## YOUR TASK
All pictures must be left out as you transcribe the lines from the first line of the data to the line containing "Op de afbeelding: Een", both included.

Short web captions:
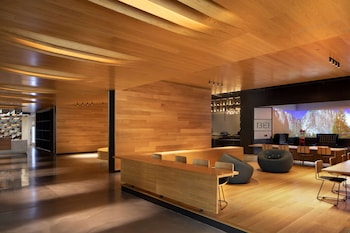 Un interior moderno con un mostrador de recepción de madera, una zona de estar y una pantalla de proyección que muestra una escena natural.
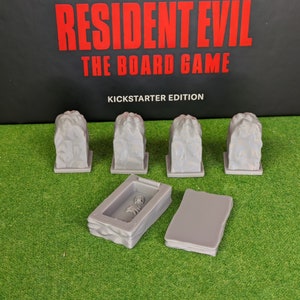 Könnte beinhalten: Fünf graue, steinartige Spielsteine und zwei graue rechteckige Spielsteine aus der Resident Evil: The Board Game Kickstarter Edition.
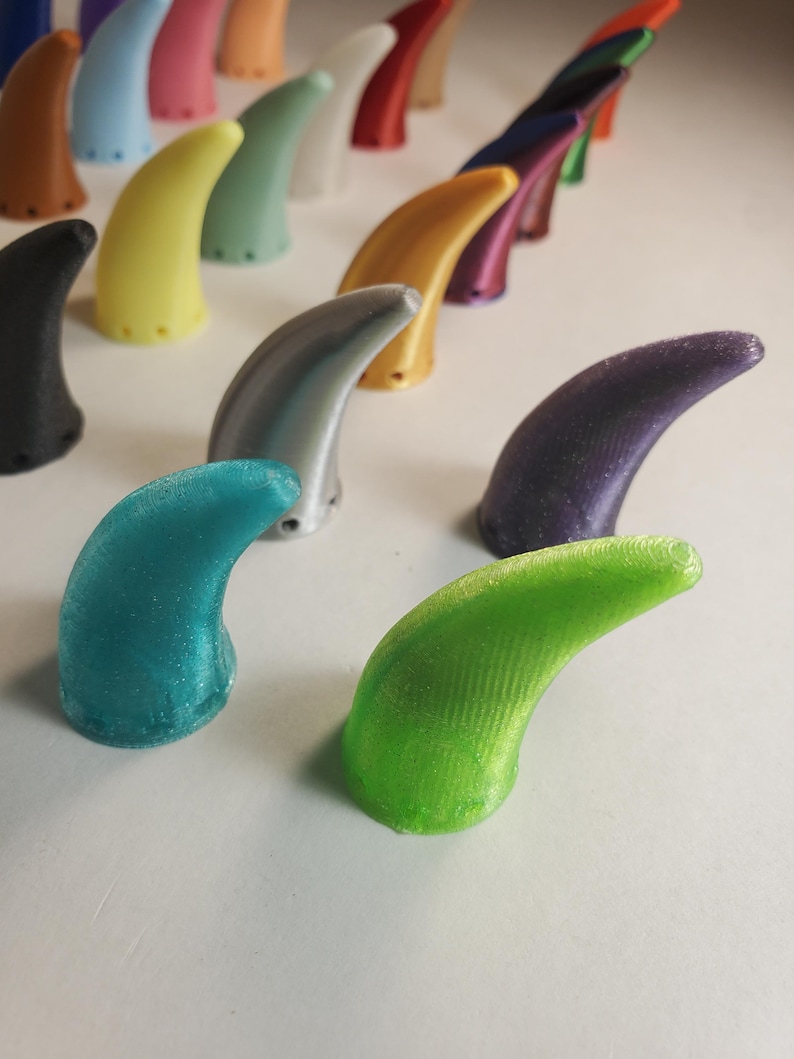 Op de afbeelding: Een verzameling kleurrijke, gebogen, hoornvormige objecten. De hoorns zijn in verschillende kleuren, waaronder groen, blauw, geel en paars. De objecten zijn in rijen gerangschikt, waarbij sommige scherp zijn en andere wazig op de achtergrond. De hoorns lijken van plastic te zijn.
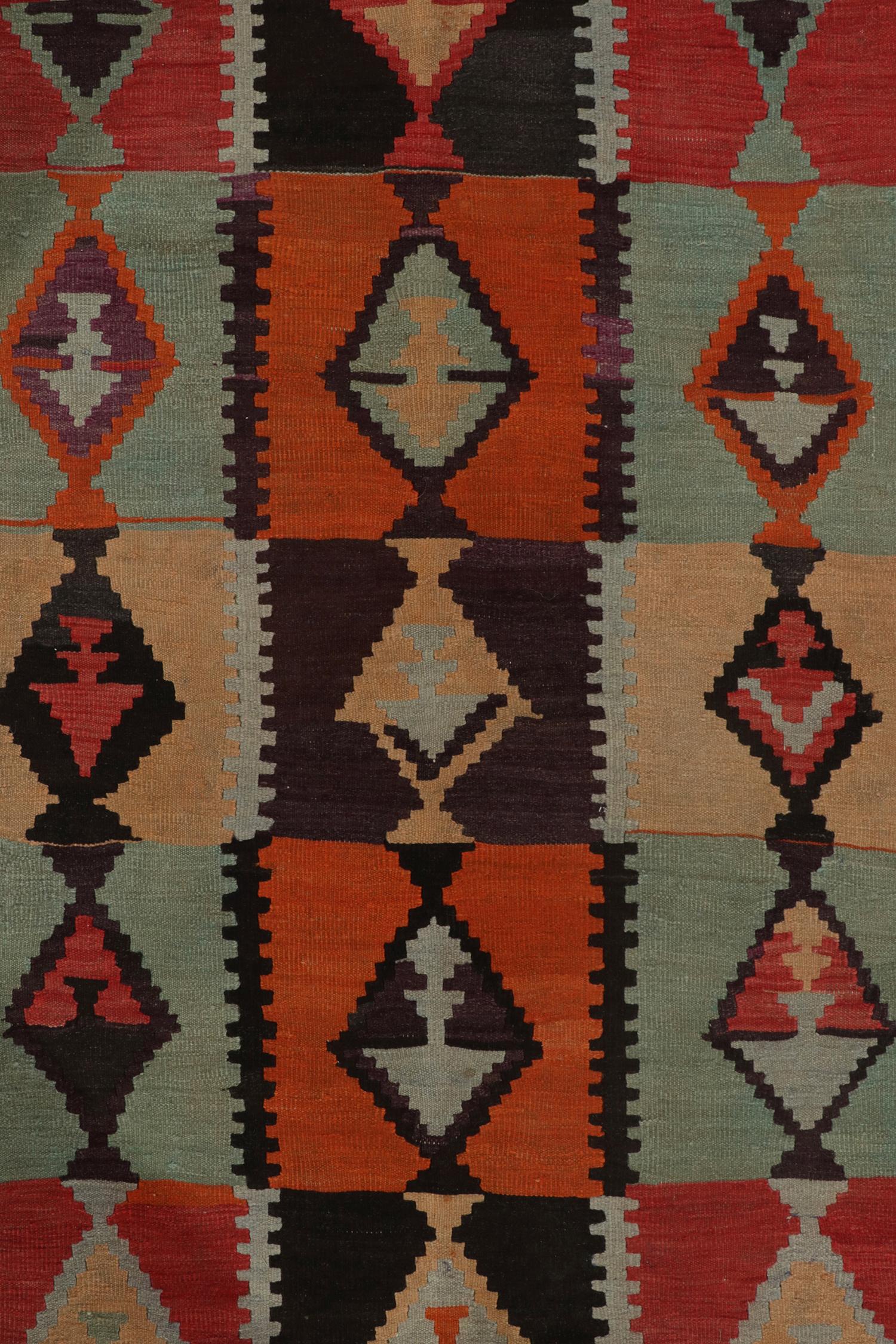 Wool Vintage Persian Kilim rug in Red, Orange Tribal Geometric Pattern by Rug & Kilim For Sale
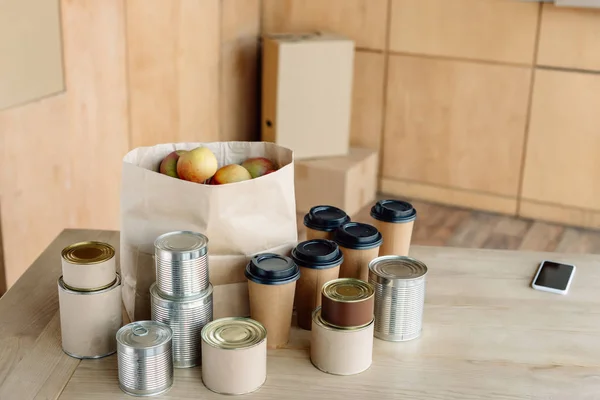 Canned food, disposable cups and paper bag with apples on wooden table in charity center — Stock Photo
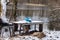 Flooding in early spring. Garbage in a bag in the woods. Flooded table with benches near the pond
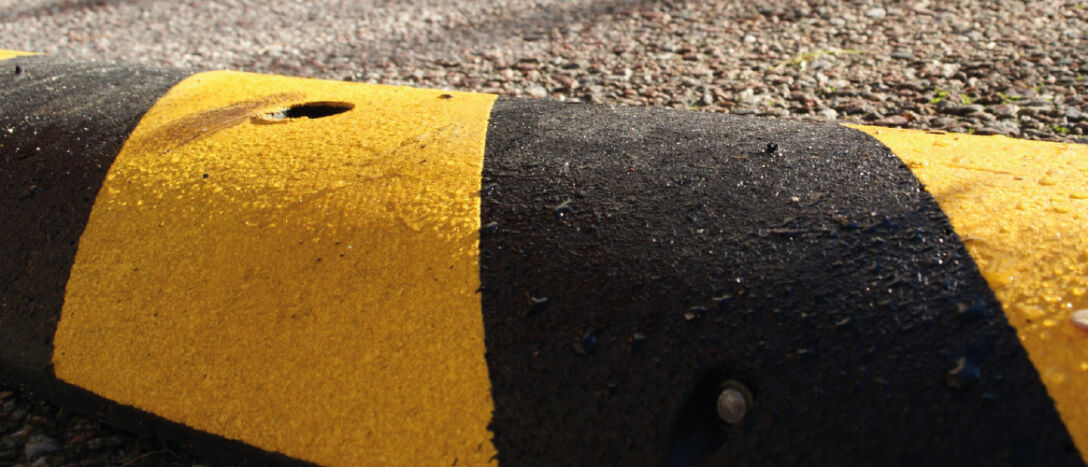 Close up image of a speed bump.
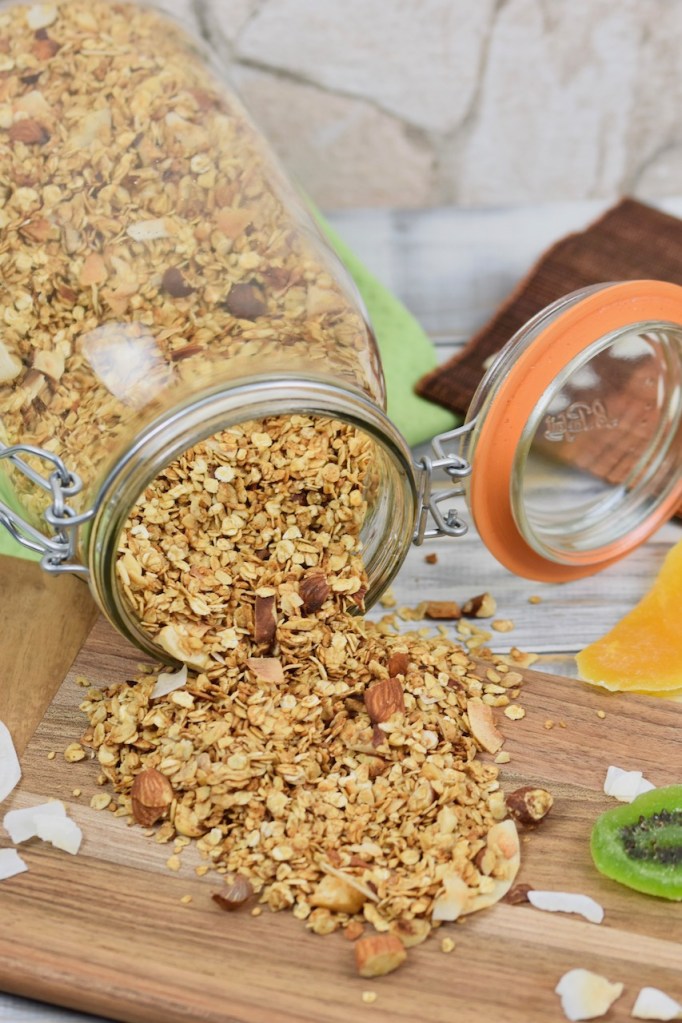Knuspriges Granola, das aus einem liegenden Glas geschüttet wurde. Das ausgeschüttete Granola liegt auf einem Holzbrett und der Hintergrund ist hell.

## RESULT OF THE EXERCISE
 Un interior moderno con un mostrador de recepción de madera, una zona de estar y una pantalla de proyección que muestra una escena natural.
 Könnte beinhalten: Fünf graue, steinartige Spielsteine und zwei graue rechteckige Spielsteine aus der Resident Evil: The Board Game Kickstarter Edition.
 Op de afbeelding: Een verzameling kleurrijke, gebogen, hoornvormige objecten. De hoorns zijn in verschillende kleuren, waaronder groen, blauw, geel en paars. De objecten zijn in rijen gerangschikt, waarbij sommige scherp zijn en andere wazig op de achtergrond. De hoorns lijken van plastic te zijn.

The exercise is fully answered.